Over the course of hundreds of millions of years, nature has equipped plants and other living organisms with their very own survival kits. Throughout history, we humans have borrowed from nature to defend against one of our greatest enemies—disease.
The complex structures of natural products—the chemicals produced by living organisms—are practically impossible to imagine, let alone build from scratch in a lab. So when scientists at Novartis synthesize molecules, they look to nature for inspiration, hoping to take advantage of that evolutionary head start.
Occasionally scientists also use these structures as the basis for new medications. They study the highly specific interaction between natural products and their biological targets to explore the molecular underpinnings of disease and reveal alternate starting points for new treatments.
Natural products have been optimized over eons to interact with particular proteins, so they’re logical tools for investigating pathways.
Why are natural compounds powerful tools in such investigations? Nature rarely reinvents the wheel. It employs the same core set of signaling pathways—or networks of molecules called proteins—over and over in different combinations to accomplish various tasks. A single pathway, for example, might instruct cells to divide in one context and migrate to a different part of the body in another. These molecular pathways—which are frequently similar across species—also play a role in disease.
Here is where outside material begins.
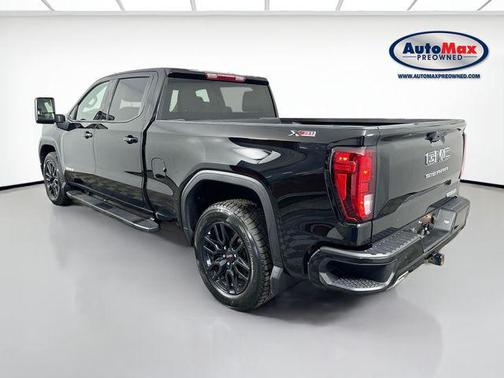 Onyx Black 2024 GMC Sierra 1500 Elevation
Natural products have been optimized over eons to interact with particular proteins, so they’re logical tools for investigating pathways. Scientists can douse diseased cells with compounds found in nature and look for interesting responses, or “hits.” The protein that a compound interacts with to elicit a response is called its target. By identifying targets relevant to disease and their position in pathways, scientists can jumpstart the discovery of new treatments.